Walter Mc Ginn, Carmine Caride, Michael Conrad, Louis Gossett Jr, Mark Hamill, Barbara Bostock.
Directed by James Frawley.
Delancey Street: The Crisis Within is an almost documentary-style treatment of the Delancey Street Foundation in San Francisco. It was a self-help group, flourishing in the 1970s, with an outreach to former addicts, former prisoners and others on the margins of society.
Walter Mc Ginn plays John Mc Cann, a former prisoner who sets up the Delancey Street Foundation. Louis Gossett Jr and Mark Hamill (two years before Star Wars) are in the supporting cast.
This is an earnest kind of film, a strong presentation of characters and social situations – and is interesting to see in retrospect for the way that films handled awareness of problem situations in society during the 1970s.
1. How interesting a film, documentary overtones, based on a true story? How much to be learnt, exploration of values in modern society? A didactic film?
2. The documentary overtones and styles? The blend with characterizations and fiction? The significance of the title, the place, the nature of the crises? Were these well documented or presented melodramatically?

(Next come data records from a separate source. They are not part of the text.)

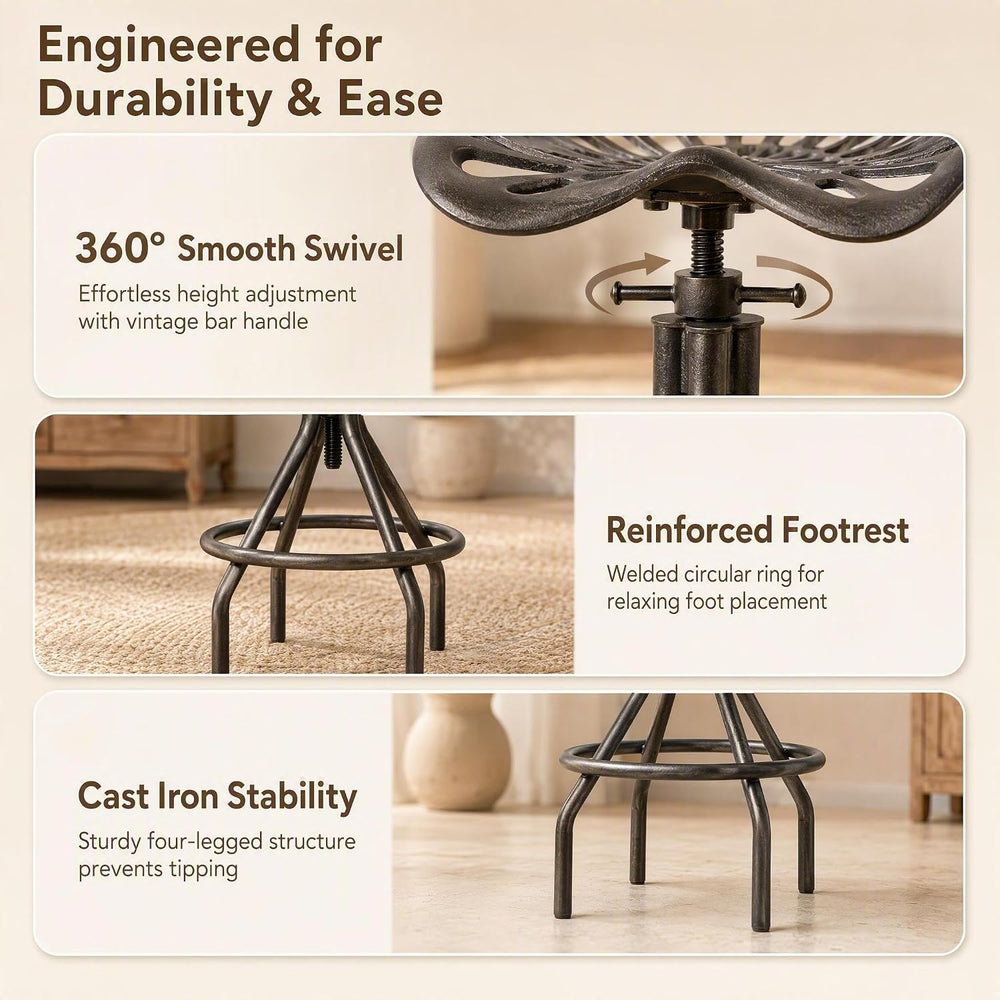Industrial Metal Tractor Seat Farmhouse Bar stools Cast Iron Adjustable Count...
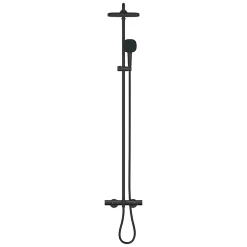 Grohe Vitalio Comfort 250 colonne de douche thermostatique bain/douche + douche de tête + douchette à main, noir mat (G269842431)* Colonne De Douche Hydromassante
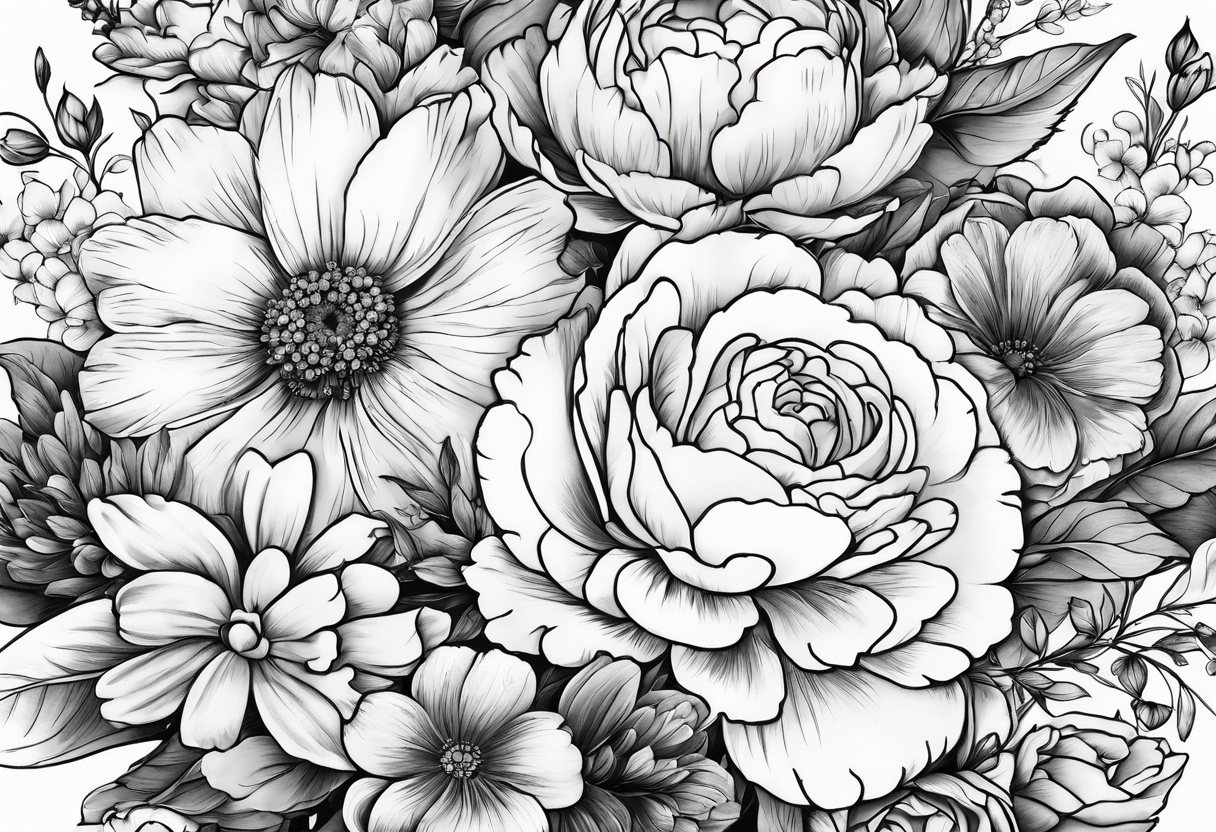 Bouquet, peonies, roses, daisies, forget me nots tattoo idea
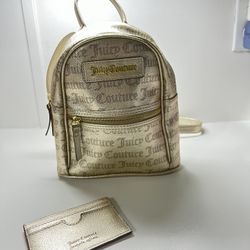 Juicy Couture mini backpack and card holder set metallic gold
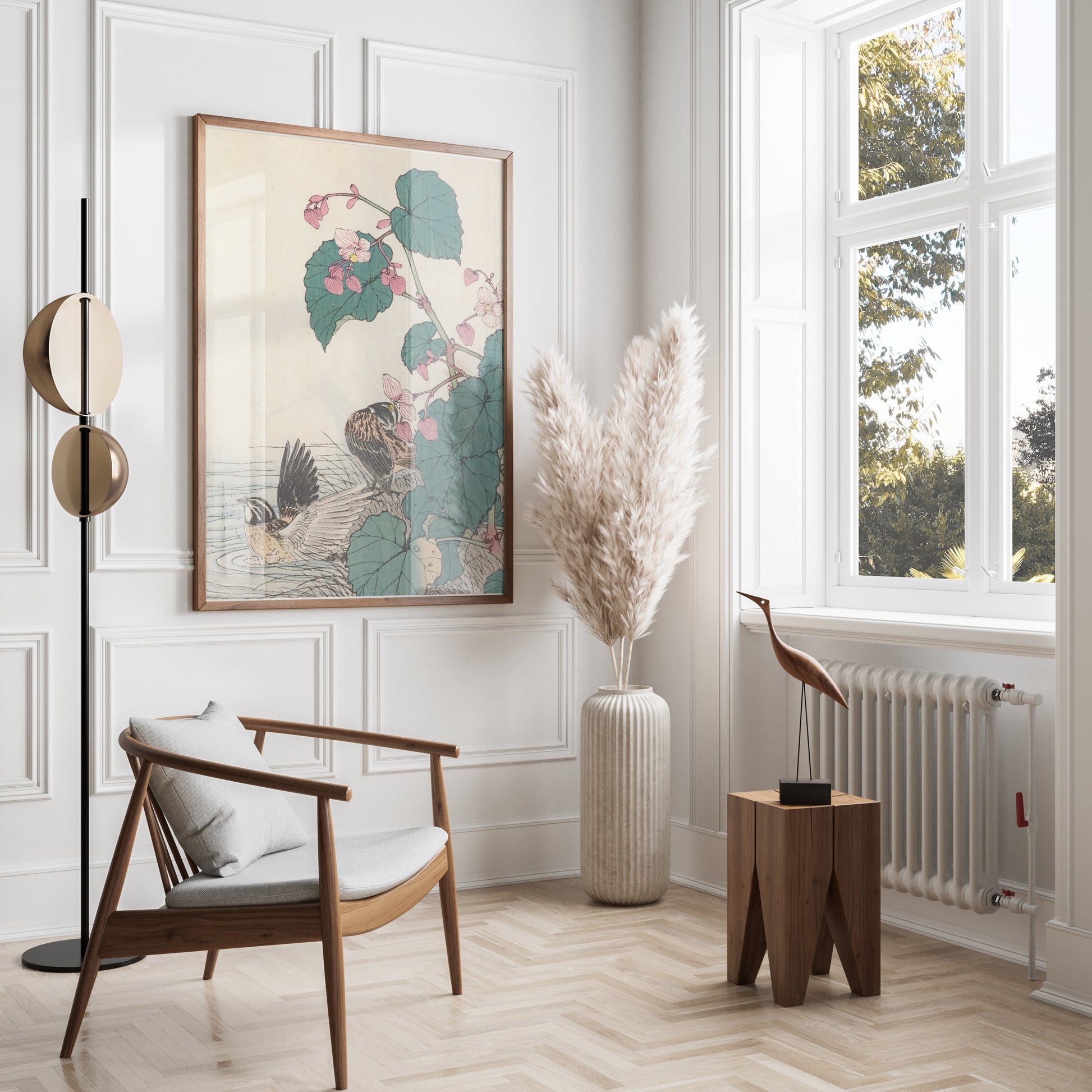 Premium Poster of Beautiful Vintage Birds and Flowers Art Posters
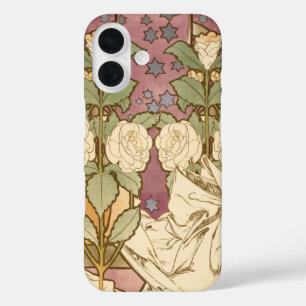 Alphonse Mucha Elegante Art Nouveau Sterne Kamelie iPhone 16 Hülle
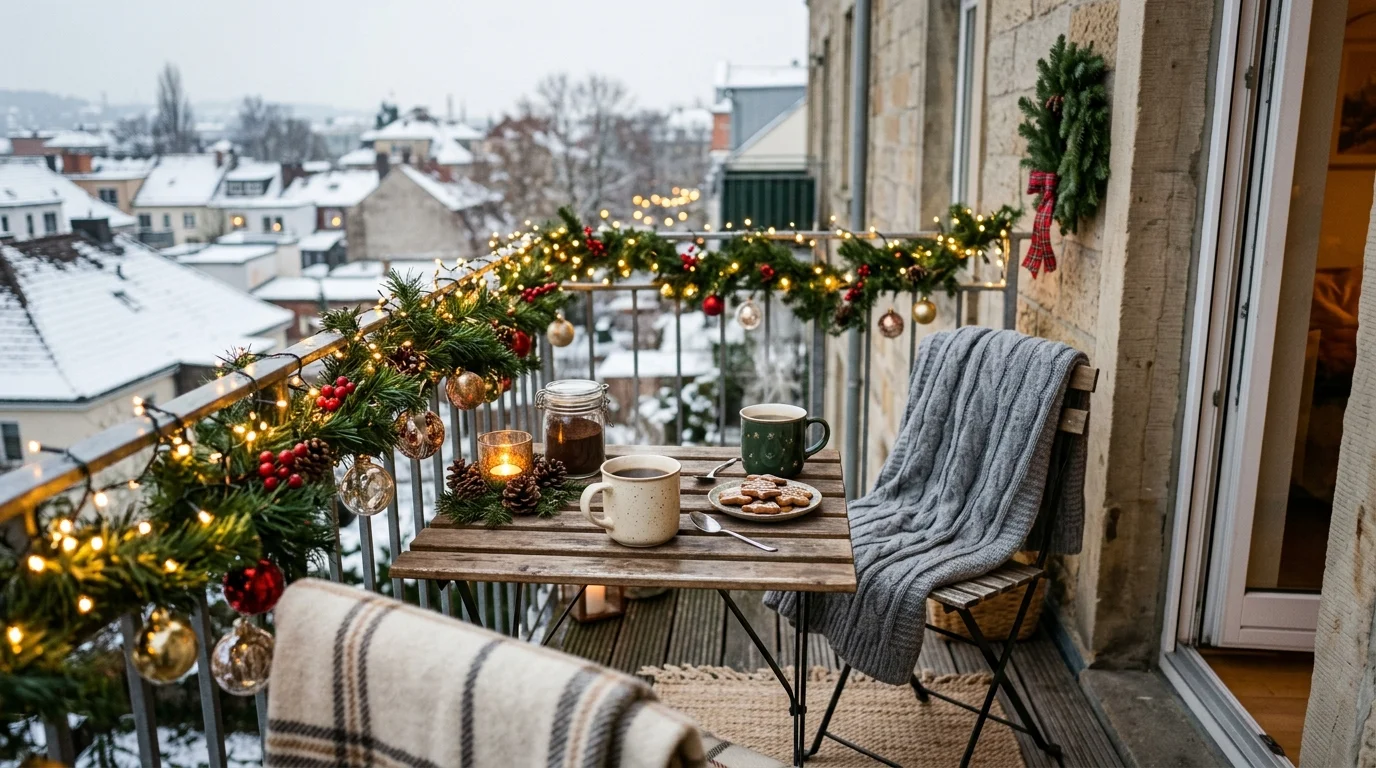 An outdoor coffee Christmas setup on a balcony.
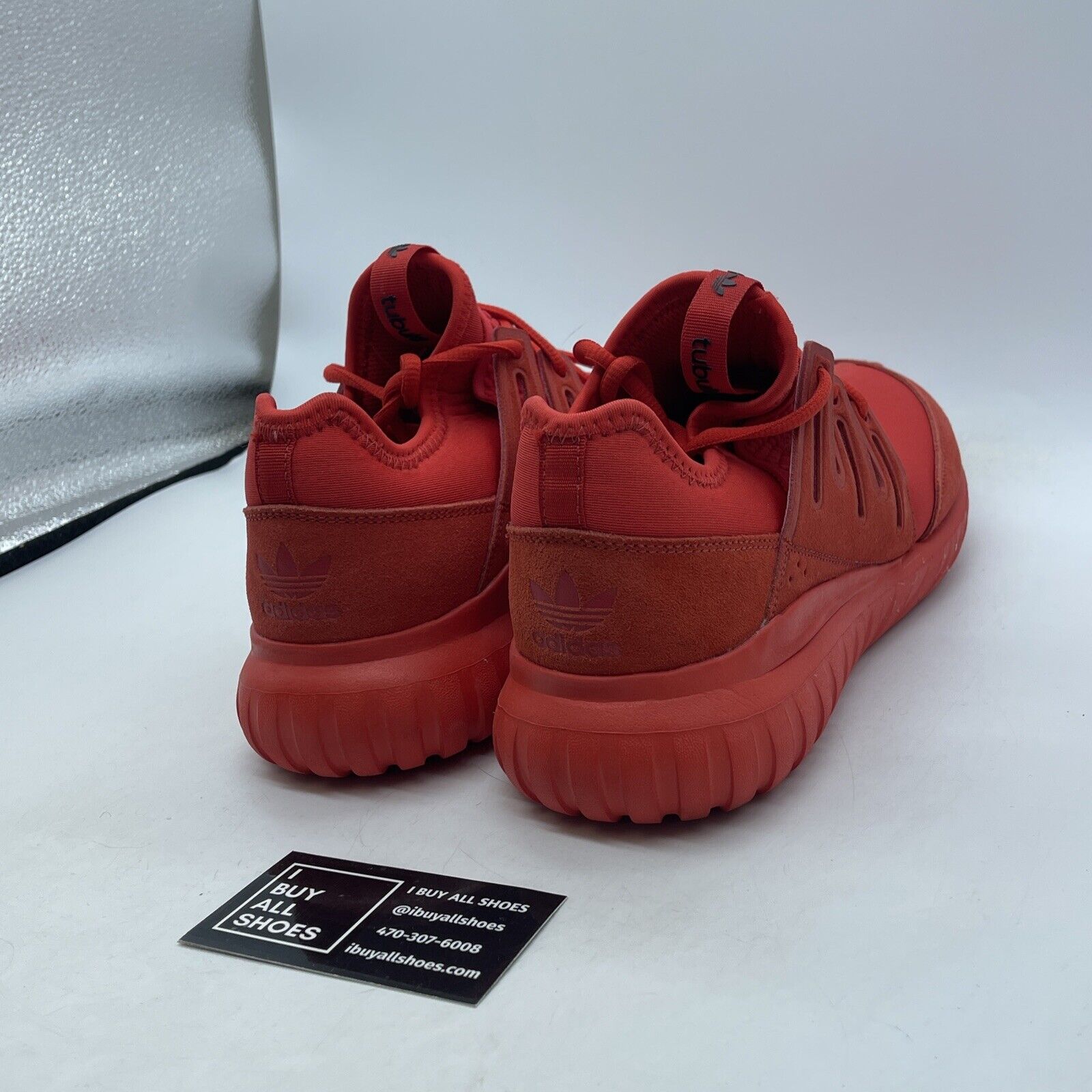 Size 8.5 - adidas Tubular Radial Red Suede Leather (S80116)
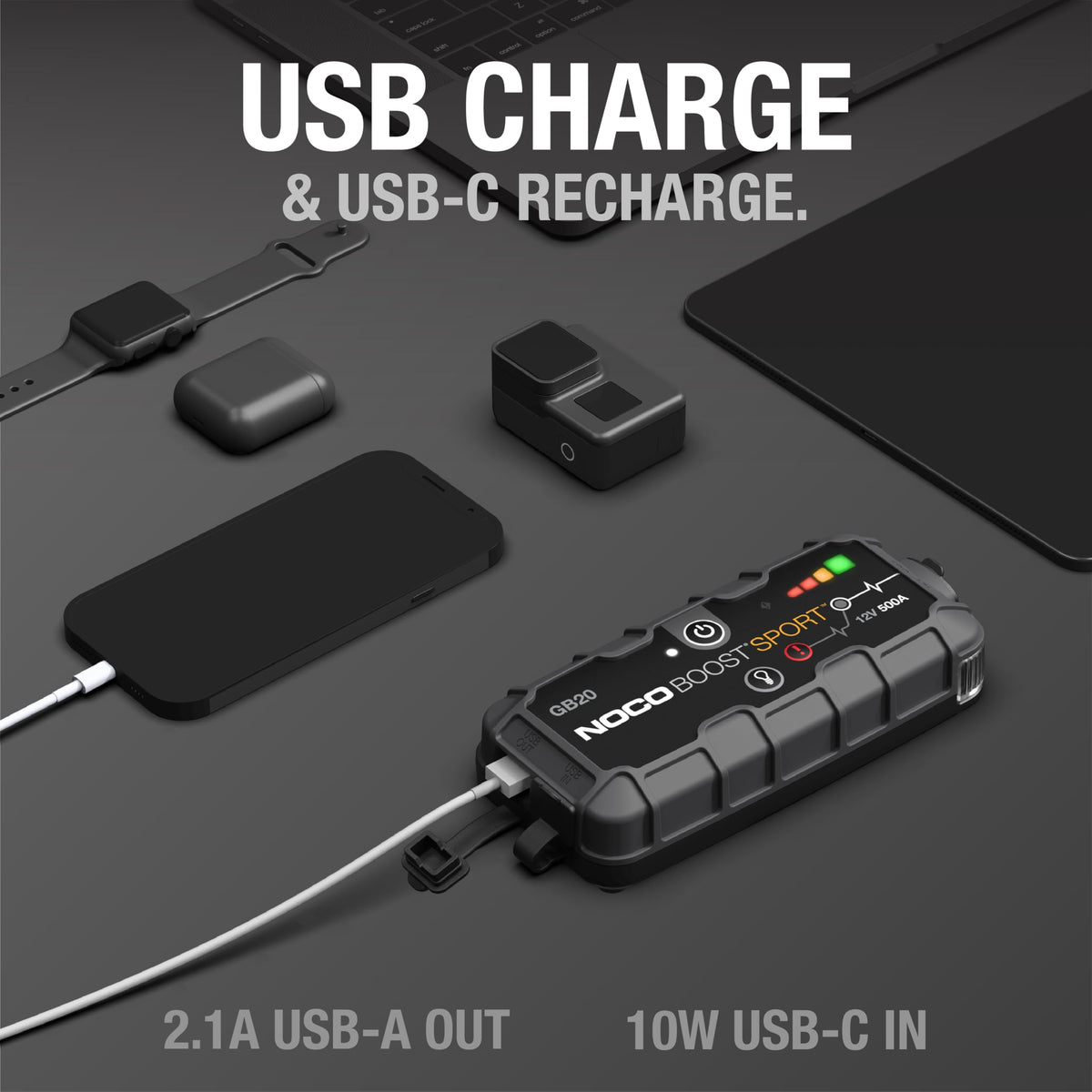 NOCO Boost GB20: Arrancador de batería de Auto 500A – Booster de Litio portátil 12V, Power Bank y Cables para Pasar Corriente – para Motores a Gasolina de hasta 4.0 litros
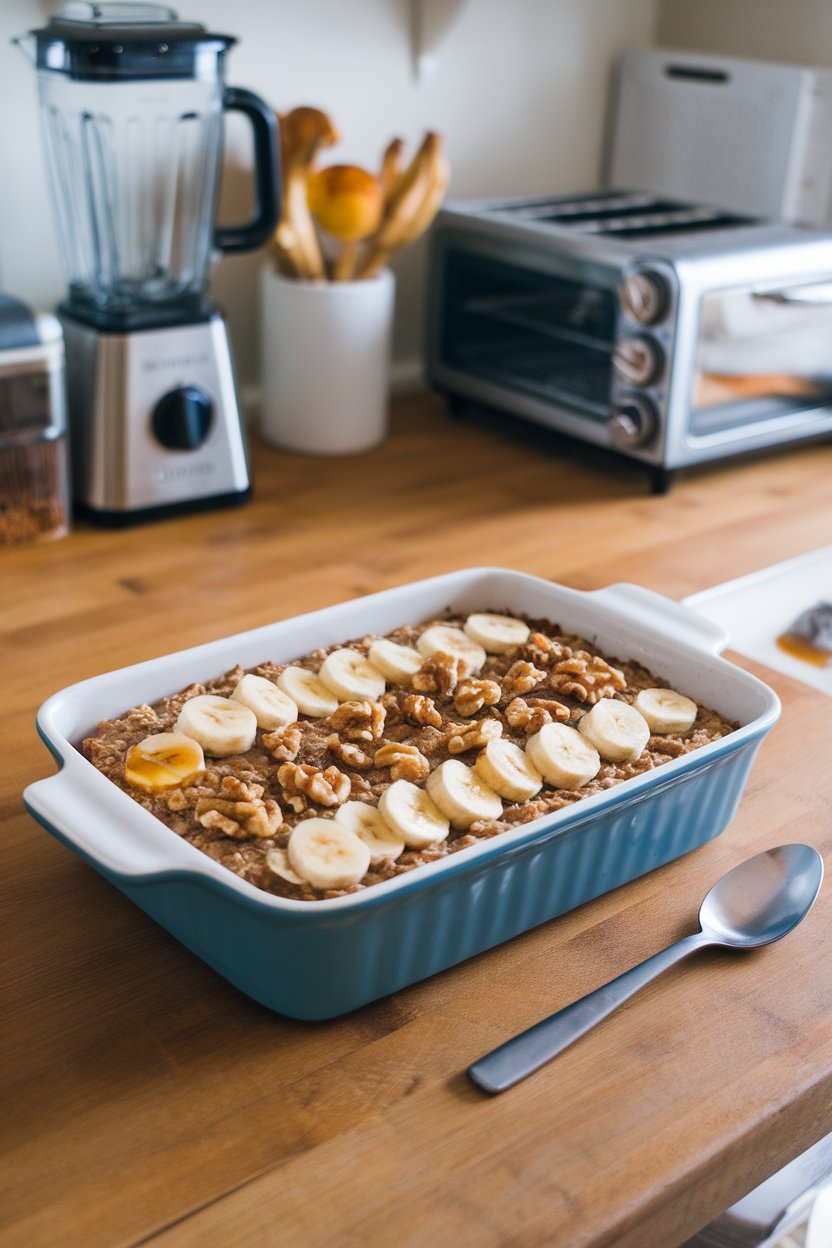 An indoor kitchen scene of baked banana bread oatmeal in a casserole dish, spoon ready; no logos. Photo only.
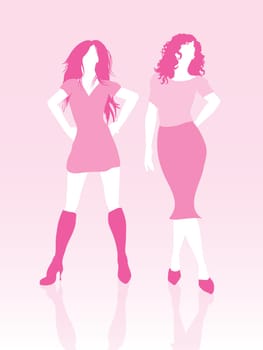 Silhouettes of sexy females in various shades of pink
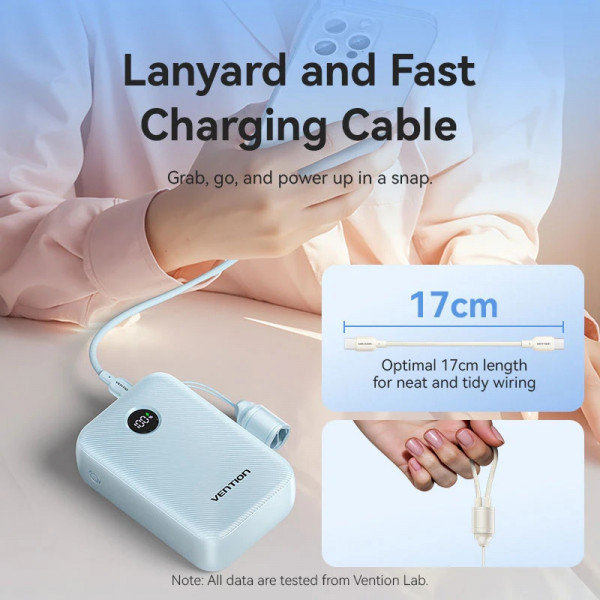 Фото - Батарея мобильная Vention 20000mAh 22,5W PD,QC, USB-A,2xUSB-C Blue (FKBL0-C)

3. The qualities of the film as a telemovie, colour, San Francisco locations, the institute itself? The atmosphere of the streets and the buildings where crimes were committed and criminals formed?
4. The credibility of the plot with the presentation of Mc Cann and his background as a criminal, the setting up of Delancey Street as a half-way house, the staff, the crises, the clashes of human nature, the types of ex-criminals that went there? The melodramatic crises, their giving up of hope, the build-up to some kind of future?
5. Mc Cann and his background, the setting up of the half-way house, his communication with people, his hopes with the 54-year-old ex-convict, with the young man? With James? Joe? How well did the film illustrate each of these characters, their crimes, effect of prison, their backgrounds, crises and temptations? Mc Cann and his ability to hold them together, his techniques, his despair?
6. The focus on the old man coming out of prison at the beginning, indication to audiences about prison, people's attitudes towards criminals, hopes for the future? The man and his bond with Phillip? The fact that he would save him during the sniping incident? Phillip and his seeming hopelessness, what he had learnt from the older man, the reason for his berserk crisis and his giving in?
7. The minor characters and their portrayal and their crises?
8. The overall impact on Mc Cann and his wanting to give up? What persuaded him to continue?
9. Themes of human nature, resilience, optimism and pessimism? Service? In this kind of brief telemovie helpful for home audiences to understand criminals, the need for humane rehabilitation?